The writer’s remark regarding the allied nations’ sexual ideologies leaves the readers contemplate the ruthlessness of so called powerful nations. This is an interesting volume on this most delicate of subject matters. Yet, it should be read with some caution. It could be more convincing and reliable if the writer had posted many photographs that exposes the lives women were forced to live and how they were mistreated – but one can assume that the writer might not have succeeded to obtain such evidences.

Yet even if these minor failings are discounted, this volume remains a distinctly unmeasured analysis of the why the Allied nations failed to prosecute the 'comfort' women system.
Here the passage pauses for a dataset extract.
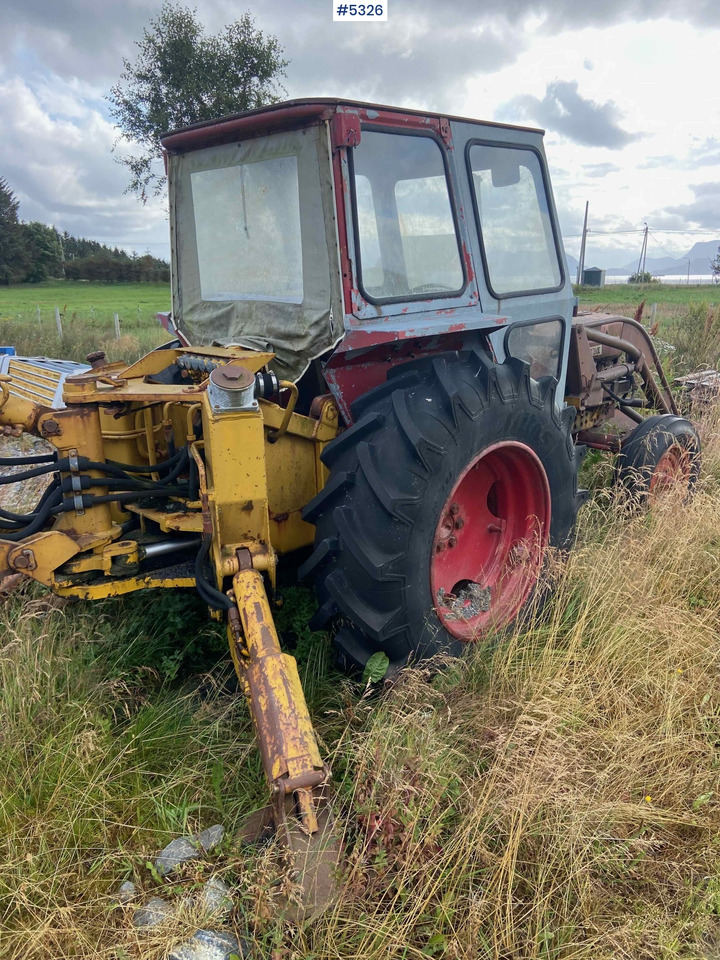 Volvo 430 mit heckmontiertem Baggeraufbau, Rep.-Objekt - Traktor: foto 2 Volvo 430 mit heckmontiertem Baggeraufbau, Rep.-Objekt - Traktor: foto 2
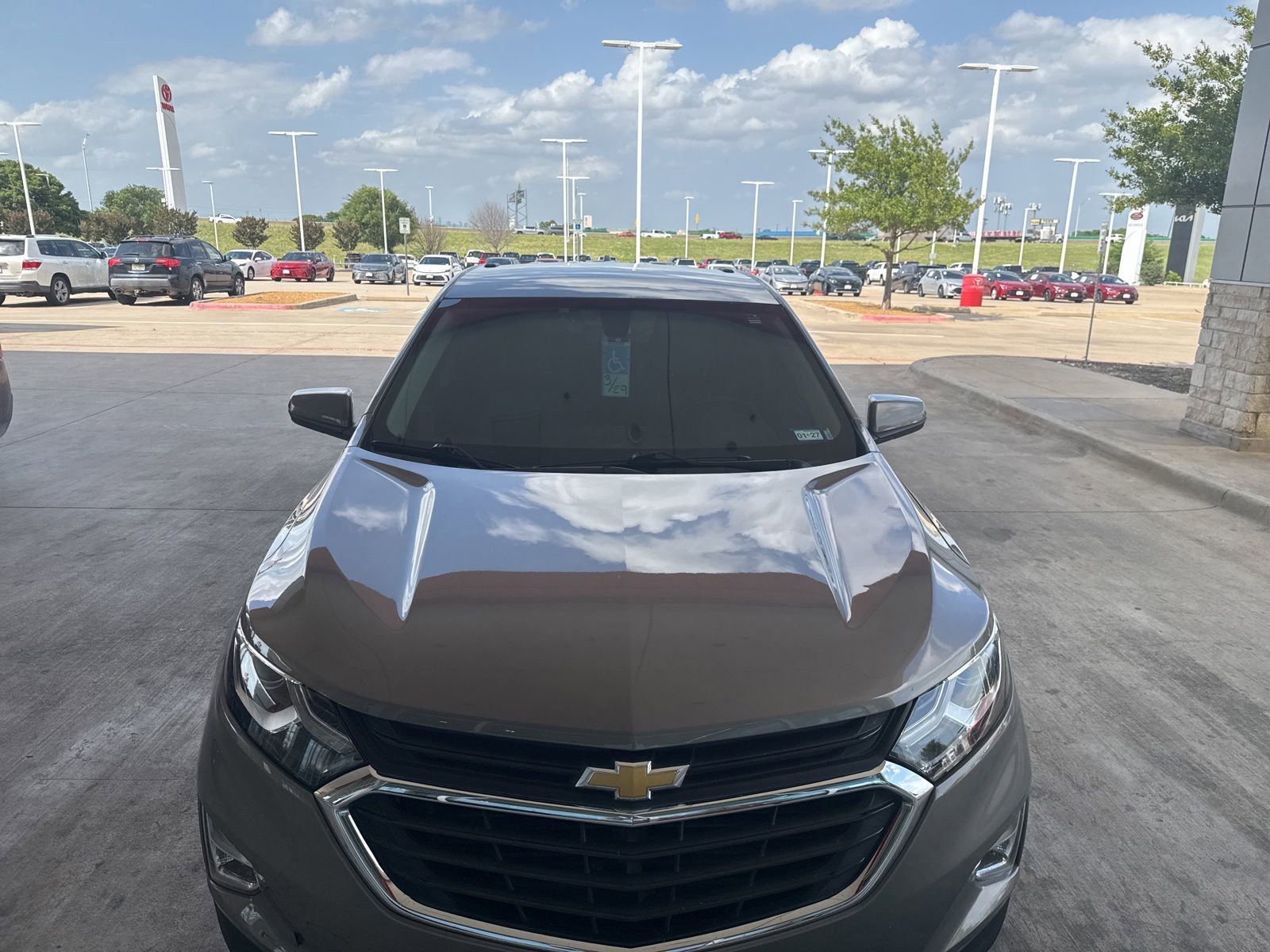 Used 2019 Chevrolet Equinox LT FWD image 28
It does, however, pose some interesting questions to further researchers in this field.

As a famous researcher and the professor of one of the Universities in Japan, Yoshimi has really attracted the intellectuals as well as general public’s attentions raising the very controversial and critical issues through this book, to which any one, who is interested in human rights issues, must be very much drawn into.

Despite his failure to let the readers know more the actual historical background regarding the case, the writer has really been successful in explaining the discriminatory attitudes and manners towards the women, characteristics of the Japanese society, prostitution system and its atrocities, various forms of human rights violations and the indifference showed to the voice of the victims by respective governments.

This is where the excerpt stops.